Another speaker is Scott Yenor, a political scientist at Boise State University. In a piece at the Law & Liberty Liberty website, Yenor defines “national conservatism.” The piece is part of a response to two critics of this movement–Tyler Syck and Mark Tooley.
Here is a taste (emphasis mine):
Tooley thinks separationism has accomplished this goal in the American experience, while national conservatives would have public and private institutions honor Christianity above other religions and would protect the rights of minorities to practice their religious traditions. Fundamentally, national conservatives think that America should take its Protestant roots more seriously and legislate toward a Protestant vision of family life, public research and so on.
Tooley appropriates Tocqueville to his side, but it seems to me that Democracy in America more strongly favors the national conservative argument. Tocqueville praises the Americans for obscenity laws, for their pro-family ethic of separate spheres for men and women, and for honoring female chastity. These laws shaped and reflected Christian public opinion. American national conservatives hope that Christianity can have an indirect effect on public opinion moving forward, as opposed to the establishment of state churches for which Tooley imagines we are advocating.
Such a relationship was the norm in America until our civil rights regime imposed a secular, atheist vision of the good life on the country.

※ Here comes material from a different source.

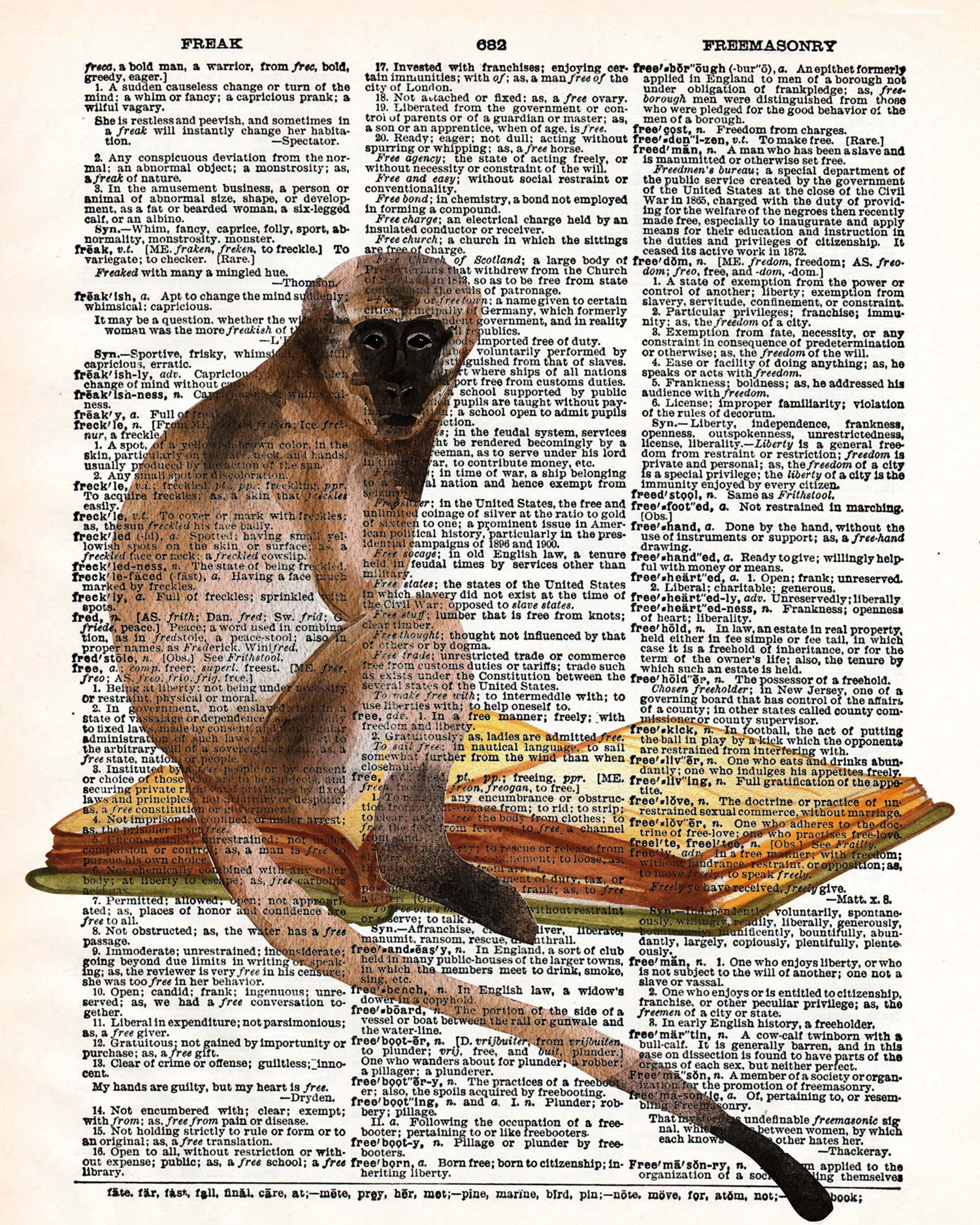 Monkey Reader Dictionary Art Payhip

Liberals have squeezed the Protestantism from public schools, so that only evolution could be taught, while prayer and Bible reading were abolished. Perhaps a healthy relation between faith and state could rise again if our civil rights regime could be displaced.

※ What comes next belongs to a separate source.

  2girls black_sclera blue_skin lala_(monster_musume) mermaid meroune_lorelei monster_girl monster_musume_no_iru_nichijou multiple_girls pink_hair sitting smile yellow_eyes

Read the entire piece here.
Alan Jacobs responds to Yenor here.
Two comments:
- Based on Yenor’s definition I am assuming Catholics or Orthodox Christians can only participate in the national conservative movement if they are willing to embrace a “Protestant” view of American life.
- To what extent is Albert Mohler’s Southern Baptist Theological Seminary in Louisville now a “national conservative” institution?
John, I’m not getting what Yenor means by the “civil rights regime” and its connection to Protestantism… ? Is he talking about African-American equality ie Civil Rights movement or something else? If it’s something else, why would he use those words together? Unless he has a specific audience in mind who can discern his meaning, I assume post people will read his “civil rights regime could be displaced.” line as saying, “let’s put black people back in their old place, so Protestant family values can come back…”
I don’t get it – what am I missing?
J: I have no idea either. It seems like “civil rights regime” is just another name for “woke” or the defenders of critical race theory. If he is referring to the civil rights movement he MUST be aware that it was hardly a secular or atheistic movement. When you read stuff like this it is hard to argue with the fact that much of this “national conservativism” is about race.
I just read through this and attachments. I am frightened.